Once the line containing "Luxurious master bathroom" is found in the entries below, reproduce it and every line after it, stopping at and including the line containing "kitchen featuring light"; reproduce nothing else, and keep each line exact.

=====

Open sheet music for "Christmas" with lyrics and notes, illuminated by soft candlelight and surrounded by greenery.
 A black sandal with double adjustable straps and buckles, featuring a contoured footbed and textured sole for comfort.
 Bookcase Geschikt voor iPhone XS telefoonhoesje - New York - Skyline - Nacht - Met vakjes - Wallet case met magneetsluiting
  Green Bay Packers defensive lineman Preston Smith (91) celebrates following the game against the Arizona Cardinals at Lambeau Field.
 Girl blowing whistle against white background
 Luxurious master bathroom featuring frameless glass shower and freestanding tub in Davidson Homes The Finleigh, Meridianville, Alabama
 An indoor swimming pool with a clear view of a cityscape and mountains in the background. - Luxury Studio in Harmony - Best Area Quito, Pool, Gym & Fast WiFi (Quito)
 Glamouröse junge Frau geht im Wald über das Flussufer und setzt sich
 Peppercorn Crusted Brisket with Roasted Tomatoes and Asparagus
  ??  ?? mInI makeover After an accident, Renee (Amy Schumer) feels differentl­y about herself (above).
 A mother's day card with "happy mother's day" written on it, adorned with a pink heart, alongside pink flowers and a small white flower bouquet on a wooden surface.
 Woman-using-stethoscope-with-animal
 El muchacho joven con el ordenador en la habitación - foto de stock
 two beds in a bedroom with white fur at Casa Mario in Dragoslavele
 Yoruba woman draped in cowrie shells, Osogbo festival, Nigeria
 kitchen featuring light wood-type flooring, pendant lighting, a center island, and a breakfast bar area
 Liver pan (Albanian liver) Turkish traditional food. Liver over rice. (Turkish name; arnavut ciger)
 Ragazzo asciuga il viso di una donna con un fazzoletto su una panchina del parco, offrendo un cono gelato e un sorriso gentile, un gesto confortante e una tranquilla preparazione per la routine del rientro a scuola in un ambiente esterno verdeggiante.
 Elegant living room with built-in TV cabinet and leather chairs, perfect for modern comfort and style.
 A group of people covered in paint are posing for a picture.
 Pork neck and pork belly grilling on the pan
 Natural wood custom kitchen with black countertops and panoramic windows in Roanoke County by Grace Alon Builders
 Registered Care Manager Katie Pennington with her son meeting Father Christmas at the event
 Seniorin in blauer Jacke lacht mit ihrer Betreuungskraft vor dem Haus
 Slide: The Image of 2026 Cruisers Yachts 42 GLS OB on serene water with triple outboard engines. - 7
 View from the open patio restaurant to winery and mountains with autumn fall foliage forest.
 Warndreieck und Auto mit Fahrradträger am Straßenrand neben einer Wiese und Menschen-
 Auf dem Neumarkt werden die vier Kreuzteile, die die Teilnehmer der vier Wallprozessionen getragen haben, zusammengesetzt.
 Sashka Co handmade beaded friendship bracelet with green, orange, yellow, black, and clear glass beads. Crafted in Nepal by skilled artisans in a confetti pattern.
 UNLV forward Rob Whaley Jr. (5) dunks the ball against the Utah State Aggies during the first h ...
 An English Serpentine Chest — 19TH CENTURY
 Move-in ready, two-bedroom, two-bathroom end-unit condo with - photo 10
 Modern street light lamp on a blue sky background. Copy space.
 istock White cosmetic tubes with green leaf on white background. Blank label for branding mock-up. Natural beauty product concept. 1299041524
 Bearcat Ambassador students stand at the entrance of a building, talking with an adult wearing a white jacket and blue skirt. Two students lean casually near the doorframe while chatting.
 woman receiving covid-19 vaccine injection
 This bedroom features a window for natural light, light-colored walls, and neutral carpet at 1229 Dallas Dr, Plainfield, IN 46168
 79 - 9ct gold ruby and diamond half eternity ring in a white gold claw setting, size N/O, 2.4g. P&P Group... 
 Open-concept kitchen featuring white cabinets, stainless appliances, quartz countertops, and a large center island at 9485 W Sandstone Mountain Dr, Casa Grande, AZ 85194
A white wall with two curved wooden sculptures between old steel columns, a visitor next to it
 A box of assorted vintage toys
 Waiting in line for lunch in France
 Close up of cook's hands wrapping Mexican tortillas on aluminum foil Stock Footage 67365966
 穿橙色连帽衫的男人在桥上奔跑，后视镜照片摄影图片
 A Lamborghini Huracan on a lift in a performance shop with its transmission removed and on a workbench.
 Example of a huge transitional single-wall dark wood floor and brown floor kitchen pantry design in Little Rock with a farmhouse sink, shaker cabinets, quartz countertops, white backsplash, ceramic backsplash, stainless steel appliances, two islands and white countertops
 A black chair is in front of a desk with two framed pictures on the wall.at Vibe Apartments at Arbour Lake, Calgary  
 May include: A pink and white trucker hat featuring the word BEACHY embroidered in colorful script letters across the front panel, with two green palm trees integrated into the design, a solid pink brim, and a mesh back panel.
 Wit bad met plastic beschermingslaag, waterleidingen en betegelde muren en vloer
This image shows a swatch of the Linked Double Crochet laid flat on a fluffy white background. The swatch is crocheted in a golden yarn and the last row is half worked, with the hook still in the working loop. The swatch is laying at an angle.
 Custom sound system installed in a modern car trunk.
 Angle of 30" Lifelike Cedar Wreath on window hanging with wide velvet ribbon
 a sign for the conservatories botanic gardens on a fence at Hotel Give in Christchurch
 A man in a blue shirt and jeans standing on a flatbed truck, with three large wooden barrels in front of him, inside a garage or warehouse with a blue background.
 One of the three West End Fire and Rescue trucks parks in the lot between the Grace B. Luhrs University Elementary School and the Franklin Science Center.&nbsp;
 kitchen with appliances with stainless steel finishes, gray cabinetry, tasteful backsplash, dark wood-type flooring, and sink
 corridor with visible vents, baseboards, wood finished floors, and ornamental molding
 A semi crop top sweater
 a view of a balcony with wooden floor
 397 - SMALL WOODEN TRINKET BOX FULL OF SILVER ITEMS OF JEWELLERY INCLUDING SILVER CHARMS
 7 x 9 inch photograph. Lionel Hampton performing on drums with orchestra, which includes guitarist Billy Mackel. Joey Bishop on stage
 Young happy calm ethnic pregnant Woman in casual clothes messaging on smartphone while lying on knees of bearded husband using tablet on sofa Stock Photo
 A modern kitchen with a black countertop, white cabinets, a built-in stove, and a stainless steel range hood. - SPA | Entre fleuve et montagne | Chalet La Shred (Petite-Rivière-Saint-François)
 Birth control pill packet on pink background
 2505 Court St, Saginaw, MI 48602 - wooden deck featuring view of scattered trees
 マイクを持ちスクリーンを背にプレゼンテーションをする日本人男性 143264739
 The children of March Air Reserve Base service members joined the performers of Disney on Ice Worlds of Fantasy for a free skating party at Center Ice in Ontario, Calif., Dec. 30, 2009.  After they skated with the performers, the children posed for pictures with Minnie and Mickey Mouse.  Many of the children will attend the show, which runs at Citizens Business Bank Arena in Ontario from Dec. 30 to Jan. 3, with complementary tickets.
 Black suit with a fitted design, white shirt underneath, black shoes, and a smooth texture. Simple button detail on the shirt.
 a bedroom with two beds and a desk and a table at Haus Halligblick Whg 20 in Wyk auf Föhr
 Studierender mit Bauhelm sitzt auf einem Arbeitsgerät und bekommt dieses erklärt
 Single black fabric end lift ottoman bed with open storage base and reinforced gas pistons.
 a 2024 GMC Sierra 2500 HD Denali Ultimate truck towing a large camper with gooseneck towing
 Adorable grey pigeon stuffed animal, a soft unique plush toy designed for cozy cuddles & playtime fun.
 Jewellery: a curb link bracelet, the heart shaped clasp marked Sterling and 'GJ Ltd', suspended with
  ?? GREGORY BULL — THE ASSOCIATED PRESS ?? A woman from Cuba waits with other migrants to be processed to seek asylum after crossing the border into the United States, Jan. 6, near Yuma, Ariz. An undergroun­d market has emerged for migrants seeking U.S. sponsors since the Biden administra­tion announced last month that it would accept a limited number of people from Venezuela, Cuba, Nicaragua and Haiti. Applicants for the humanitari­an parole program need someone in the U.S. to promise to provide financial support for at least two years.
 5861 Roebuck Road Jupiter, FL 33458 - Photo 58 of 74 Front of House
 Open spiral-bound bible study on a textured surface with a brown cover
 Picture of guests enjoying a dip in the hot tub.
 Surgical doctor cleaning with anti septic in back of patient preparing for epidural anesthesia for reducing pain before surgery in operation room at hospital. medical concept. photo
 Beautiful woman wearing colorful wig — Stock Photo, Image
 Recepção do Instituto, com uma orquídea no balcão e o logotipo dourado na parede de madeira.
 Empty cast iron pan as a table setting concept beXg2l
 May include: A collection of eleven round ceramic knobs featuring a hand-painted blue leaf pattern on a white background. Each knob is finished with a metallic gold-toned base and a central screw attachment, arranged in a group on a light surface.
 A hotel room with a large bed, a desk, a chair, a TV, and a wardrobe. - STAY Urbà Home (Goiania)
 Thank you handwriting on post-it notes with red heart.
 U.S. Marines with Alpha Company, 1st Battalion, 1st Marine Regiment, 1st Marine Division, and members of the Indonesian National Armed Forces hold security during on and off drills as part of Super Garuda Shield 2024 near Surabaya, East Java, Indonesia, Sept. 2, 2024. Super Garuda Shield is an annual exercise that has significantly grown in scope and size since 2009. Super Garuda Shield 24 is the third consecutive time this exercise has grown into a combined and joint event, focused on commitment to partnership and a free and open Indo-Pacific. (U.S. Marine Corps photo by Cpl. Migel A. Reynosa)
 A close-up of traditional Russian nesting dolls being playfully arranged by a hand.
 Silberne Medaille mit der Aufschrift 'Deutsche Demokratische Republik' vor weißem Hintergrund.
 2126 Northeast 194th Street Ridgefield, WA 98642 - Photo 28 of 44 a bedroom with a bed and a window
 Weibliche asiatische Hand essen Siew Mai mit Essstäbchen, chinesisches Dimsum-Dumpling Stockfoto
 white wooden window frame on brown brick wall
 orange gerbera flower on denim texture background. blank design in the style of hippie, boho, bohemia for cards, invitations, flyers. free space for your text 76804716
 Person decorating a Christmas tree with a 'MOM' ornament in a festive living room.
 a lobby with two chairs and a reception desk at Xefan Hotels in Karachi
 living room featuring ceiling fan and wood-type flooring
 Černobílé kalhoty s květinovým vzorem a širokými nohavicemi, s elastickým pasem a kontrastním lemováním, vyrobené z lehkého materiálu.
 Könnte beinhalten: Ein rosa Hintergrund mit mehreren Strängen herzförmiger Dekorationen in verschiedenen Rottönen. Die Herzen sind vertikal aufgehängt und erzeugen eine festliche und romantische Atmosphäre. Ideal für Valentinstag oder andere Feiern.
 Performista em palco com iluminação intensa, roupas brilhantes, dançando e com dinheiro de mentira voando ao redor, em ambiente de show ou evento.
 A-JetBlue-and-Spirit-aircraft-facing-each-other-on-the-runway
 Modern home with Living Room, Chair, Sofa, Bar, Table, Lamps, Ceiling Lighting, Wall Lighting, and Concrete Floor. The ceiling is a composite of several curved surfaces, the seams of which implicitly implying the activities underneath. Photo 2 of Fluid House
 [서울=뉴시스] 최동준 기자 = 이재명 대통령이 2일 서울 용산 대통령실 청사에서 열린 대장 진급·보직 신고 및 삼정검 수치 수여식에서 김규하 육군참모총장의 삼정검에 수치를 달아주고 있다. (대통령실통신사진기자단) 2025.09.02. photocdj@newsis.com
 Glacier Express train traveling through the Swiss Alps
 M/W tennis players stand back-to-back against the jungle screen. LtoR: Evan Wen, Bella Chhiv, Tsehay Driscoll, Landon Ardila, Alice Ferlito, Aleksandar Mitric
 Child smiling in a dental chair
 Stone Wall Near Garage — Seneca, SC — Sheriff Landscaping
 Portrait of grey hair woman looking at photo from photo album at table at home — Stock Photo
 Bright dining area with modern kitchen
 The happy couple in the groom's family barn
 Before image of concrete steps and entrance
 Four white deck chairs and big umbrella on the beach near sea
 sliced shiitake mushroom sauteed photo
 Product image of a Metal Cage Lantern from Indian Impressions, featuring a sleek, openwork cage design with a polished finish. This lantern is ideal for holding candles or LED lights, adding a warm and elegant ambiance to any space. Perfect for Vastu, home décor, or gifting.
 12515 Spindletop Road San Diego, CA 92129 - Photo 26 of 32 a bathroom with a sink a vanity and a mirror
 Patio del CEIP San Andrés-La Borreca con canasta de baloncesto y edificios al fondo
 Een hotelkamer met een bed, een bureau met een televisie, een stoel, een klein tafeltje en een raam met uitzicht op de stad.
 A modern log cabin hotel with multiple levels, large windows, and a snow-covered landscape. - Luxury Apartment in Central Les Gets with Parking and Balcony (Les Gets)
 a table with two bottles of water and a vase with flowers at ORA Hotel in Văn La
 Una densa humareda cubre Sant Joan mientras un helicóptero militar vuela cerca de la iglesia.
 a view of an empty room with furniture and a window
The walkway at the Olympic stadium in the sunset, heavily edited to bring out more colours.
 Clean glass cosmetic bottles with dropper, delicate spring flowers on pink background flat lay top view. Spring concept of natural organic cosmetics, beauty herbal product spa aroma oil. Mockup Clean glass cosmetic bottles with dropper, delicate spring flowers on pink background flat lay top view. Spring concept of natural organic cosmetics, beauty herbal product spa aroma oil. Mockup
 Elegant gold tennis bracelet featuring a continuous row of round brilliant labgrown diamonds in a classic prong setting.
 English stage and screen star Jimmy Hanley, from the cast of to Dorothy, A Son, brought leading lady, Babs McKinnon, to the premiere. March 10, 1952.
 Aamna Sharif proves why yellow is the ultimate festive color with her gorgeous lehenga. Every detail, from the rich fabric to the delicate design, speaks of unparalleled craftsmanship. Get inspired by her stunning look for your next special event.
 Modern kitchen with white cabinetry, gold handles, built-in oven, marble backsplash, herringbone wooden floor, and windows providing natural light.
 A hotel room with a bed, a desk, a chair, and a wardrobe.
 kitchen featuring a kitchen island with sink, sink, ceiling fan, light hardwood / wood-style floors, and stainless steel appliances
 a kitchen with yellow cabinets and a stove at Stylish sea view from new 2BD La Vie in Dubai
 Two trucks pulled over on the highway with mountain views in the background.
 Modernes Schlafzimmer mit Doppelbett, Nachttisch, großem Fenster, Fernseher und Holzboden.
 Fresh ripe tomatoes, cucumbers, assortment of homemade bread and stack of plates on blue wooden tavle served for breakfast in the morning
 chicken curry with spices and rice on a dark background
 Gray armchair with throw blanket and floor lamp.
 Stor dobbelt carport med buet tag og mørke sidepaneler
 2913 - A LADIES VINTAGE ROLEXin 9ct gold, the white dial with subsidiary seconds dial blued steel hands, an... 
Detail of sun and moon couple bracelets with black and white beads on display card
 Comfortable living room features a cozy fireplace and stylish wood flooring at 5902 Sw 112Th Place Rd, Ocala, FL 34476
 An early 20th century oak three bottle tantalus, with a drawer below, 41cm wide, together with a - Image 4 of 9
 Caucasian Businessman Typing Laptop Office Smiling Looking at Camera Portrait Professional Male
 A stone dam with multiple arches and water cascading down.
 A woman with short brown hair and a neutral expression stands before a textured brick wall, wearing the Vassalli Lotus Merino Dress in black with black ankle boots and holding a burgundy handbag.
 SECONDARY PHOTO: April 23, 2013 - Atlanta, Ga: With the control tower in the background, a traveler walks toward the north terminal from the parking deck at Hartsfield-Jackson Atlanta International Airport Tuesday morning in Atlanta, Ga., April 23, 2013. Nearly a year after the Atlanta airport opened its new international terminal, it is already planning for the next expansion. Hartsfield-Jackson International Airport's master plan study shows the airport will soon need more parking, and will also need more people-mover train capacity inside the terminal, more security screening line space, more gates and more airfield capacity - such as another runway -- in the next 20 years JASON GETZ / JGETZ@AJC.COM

=====

▸ **ANSWER SPACE**:
 Luxurious master bathroom featuring frameless glass shower and freestanding tub in Davidson Homes The Finleigh, Meridianville, Alabama
 An indoor swimming pool with a clear view of a cityscape and mountains in the background. - Luxury Studio in Harmony - Best Area Quito, Pool, Gym & Fast WiFi (Quito)
 Glamouröse junge Frau geht im Wald über das Flussufer und setzt sich
 Peppercorn Crusted Brisket with Roasted Tomatoes and Asparagus
  ??  ?? mInI makeover After an accident, Renee (Amy Schumer) feels differentl­y about herself (above).
 A mother's day card with "happy mother's day" written on it, adorned with a pink heart, alongside pink flowers and a small white flower bouquet on a wooden surface.
 Woman-using-stethoscope-with-animal
 El muchacho joven con el ordenador en la habitación - foto de stock
 two beds in a bedroom with white fur at Casa Mario in Dragoslavele
 Yoruba woman draped in cowrie shells, Osogbo festival, Nigeria
 kitchen featuring light wood-type flooring, pendant lighting, a center island, and a breakfast bar area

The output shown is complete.